Sueli teve um relacionamento amoroso com José Malaquias, também interno do Colônia por alcoolismo, e daí nasceu Débora. Com dez dias de vida, Débora foi retirada dos braços da mãe biológica e adotada por uma auxiliar de enfermagem do hospital. Durante sua infância, a menina muitas vezes acompanhou a mãe adotiva em seu trabalho e aos 7 anos conheceu uma paciente. “Tia, por que você está aqui?”, “Porque não tenho casa. Mas tenho duas filhas”, “E onde elas estão? Queria brincar com elas”, “Isso eu não sei”. Despediram-se com um abraço e uma funcionária que viu a cena de longe escondeu-se para chorar, pois sabia que ali estavam mãe e filha sem que soubessem do grau de parentesco. Durante os anos após o nascimento da filha, Sueli lembrou-se de todos os seus aniversários e, quando estava morrendo, foi o nome dela que chamou.

Débora soube da existência da mãe biológica somente em 2007, quando procurou sua babá para tentar esclarecer o motivo de suas dificuldades no relacionamento com a mãe que a criara e de sua infelicidade. Ao saber que tinha sido adotada e que a mãe era interna em Barbacena, viajou de São João del-Rei, cidade onde morava e cursava Letras, para lá. Ao chegar ao hospital, soube que a mãe falecera há um ano.

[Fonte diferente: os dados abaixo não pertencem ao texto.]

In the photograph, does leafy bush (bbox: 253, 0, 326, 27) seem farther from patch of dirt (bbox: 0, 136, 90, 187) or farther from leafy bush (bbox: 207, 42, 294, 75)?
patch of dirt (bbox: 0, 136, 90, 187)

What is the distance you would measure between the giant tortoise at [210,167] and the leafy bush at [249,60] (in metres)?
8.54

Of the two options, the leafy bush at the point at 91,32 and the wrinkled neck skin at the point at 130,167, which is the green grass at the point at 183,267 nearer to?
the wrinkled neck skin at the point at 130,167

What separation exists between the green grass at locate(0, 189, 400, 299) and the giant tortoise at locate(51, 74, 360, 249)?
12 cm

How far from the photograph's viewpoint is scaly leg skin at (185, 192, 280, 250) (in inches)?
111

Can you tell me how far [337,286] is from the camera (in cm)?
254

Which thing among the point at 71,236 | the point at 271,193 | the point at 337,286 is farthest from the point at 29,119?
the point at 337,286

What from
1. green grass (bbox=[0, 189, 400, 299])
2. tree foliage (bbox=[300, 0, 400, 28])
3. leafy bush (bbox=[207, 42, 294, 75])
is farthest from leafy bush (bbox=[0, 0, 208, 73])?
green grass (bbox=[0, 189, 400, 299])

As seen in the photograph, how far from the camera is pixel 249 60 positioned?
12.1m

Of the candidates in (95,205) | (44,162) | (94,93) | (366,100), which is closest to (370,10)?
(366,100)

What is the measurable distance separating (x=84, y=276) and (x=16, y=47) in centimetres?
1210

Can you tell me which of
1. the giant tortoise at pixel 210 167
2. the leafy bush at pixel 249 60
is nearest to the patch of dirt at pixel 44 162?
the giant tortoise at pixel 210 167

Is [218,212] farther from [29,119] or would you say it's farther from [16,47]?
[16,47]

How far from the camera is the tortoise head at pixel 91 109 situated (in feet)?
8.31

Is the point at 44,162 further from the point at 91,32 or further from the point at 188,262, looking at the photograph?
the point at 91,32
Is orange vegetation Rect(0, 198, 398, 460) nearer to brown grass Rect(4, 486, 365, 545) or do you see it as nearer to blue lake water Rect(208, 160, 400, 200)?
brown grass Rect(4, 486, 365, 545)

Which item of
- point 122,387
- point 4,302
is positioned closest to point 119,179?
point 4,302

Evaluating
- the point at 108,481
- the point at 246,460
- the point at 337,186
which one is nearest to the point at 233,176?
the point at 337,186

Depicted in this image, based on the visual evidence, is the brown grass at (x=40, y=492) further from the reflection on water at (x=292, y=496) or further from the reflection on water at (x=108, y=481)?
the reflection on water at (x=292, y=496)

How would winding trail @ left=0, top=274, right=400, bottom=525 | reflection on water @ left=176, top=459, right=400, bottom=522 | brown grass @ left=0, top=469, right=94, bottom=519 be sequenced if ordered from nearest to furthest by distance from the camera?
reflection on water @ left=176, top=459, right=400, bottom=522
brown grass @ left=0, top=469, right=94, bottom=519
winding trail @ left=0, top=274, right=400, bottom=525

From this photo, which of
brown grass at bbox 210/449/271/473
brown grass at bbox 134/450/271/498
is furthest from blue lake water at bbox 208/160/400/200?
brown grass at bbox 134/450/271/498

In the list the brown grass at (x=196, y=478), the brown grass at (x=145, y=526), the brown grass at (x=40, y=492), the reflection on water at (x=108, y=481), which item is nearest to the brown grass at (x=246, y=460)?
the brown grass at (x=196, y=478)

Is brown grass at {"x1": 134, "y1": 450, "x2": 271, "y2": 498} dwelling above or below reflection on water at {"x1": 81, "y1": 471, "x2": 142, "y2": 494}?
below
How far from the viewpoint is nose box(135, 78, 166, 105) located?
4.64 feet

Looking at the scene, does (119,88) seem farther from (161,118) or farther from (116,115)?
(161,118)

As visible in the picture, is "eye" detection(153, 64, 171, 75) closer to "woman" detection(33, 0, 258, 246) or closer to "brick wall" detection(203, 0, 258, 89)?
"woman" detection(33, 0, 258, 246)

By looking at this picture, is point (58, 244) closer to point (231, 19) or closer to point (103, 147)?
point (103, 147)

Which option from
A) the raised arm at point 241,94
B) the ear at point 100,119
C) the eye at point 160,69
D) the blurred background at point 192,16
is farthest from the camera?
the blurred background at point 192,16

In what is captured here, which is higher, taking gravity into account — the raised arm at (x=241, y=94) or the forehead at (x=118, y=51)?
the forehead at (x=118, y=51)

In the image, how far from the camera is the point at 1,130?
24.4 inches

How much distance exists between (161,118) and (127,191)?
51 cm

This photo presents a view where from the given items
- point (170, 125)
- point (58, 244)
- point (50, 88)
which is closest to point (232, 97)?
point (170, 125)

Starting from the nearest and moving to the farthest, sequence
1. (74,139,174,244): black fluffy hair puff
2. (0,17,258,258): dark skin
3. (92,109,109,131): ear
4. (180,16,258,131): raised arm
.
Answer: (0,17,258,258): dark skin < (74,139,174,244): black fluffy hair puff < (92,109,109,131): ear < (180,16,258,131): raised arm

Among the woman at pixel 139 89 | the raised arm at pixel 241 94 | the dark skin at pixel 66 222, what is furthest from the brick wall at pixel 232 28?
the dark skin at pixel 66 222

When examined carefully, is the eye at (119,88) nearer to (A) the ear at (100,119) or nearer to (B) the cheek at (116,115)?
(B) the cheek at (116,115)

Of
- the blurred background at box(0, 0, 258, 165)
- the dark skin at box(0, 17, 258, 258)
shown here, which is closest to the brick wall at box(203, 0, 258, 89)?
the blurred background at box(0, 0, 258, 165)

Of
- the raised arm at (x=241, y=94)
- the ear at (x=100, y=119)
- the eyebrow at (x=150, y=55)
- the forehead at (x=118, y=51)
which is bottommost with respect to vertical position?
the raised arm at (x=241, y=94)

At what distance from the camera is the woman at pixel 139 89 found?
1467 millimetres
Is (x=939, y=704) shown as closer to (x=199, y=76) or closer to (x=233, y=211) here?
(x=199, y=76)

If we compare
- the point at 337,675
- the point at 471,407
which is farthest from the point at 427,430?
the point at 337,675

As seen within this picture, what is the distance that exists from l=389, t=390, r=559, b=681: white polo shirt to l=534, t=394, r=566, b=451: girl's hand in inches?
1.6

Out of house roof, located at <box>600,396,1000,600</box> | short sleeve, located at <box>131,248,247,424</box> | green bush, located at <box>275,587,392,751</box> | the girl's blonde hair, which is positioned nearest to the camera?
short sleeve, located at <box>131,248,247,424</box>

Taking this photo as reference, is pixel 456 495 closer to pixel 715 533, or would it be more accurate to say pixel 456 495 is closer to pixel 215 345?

Triste, mas decidida a conhecer a história de sua mãe, a jovem passou quinze dias em uma sala da instituição lendo os prontuários da mãe, forma que encontrou para conhecê-la, reconstruir e ressignificar sua própria história.  (C.M.L.).

O menino de Goiás
Em 1976, com o fechamento do Hospital de Neuropsiquiatria Infantil no município de Oliveira, Minas Gerais, 33 crianças foram transferidas para o Colônia e passaram a conviver com os pacientes adultos. A única diferença entre eles eram os berços no lugar das camas de capim. “Havia berços onde crianças aleijadas ou com paralisia cerebral vegetavam. 

Ninguém os retirava de lá nem para tomar sol. Quando a temperatura aumentava, os berços eram colocados no pátio, e os meninos permaneciam encarcerados dentro deles”. Quando o jornalista Hiram Firmino perguntou a uma secretária o que aconteceria com essas crianças quando crescessem, ouviu como resposta “Ué? Eles morrem”.

Dentre essas 33 crianças, havia um menino de Goiás chamado Roberto – o livro não informa seu sobrenome nem a cidade de onde era proveniente. O garoto de 9 anos foi enviado para o hospital de Oliveira por ter hidrocefalia. Após quase um ano de internação no Colônia, foi a única criança a ser visitada por um familiar. 

Quando o pai chegou ao hospital o menino correu em sua direção e possivelmente por causa da emoção teve uma incontinência urinária e molhou sua roupa. “O goiano até tentou esconder o desconforto diante daquela criança desajeitada, mas não conseguiu. Constrangido com o aspecto do filho, o pai disse que sairia para buscar almoço. Deixou a comida lá e nunca mais apareceu”. Após o episódio o menino definhou até a morte.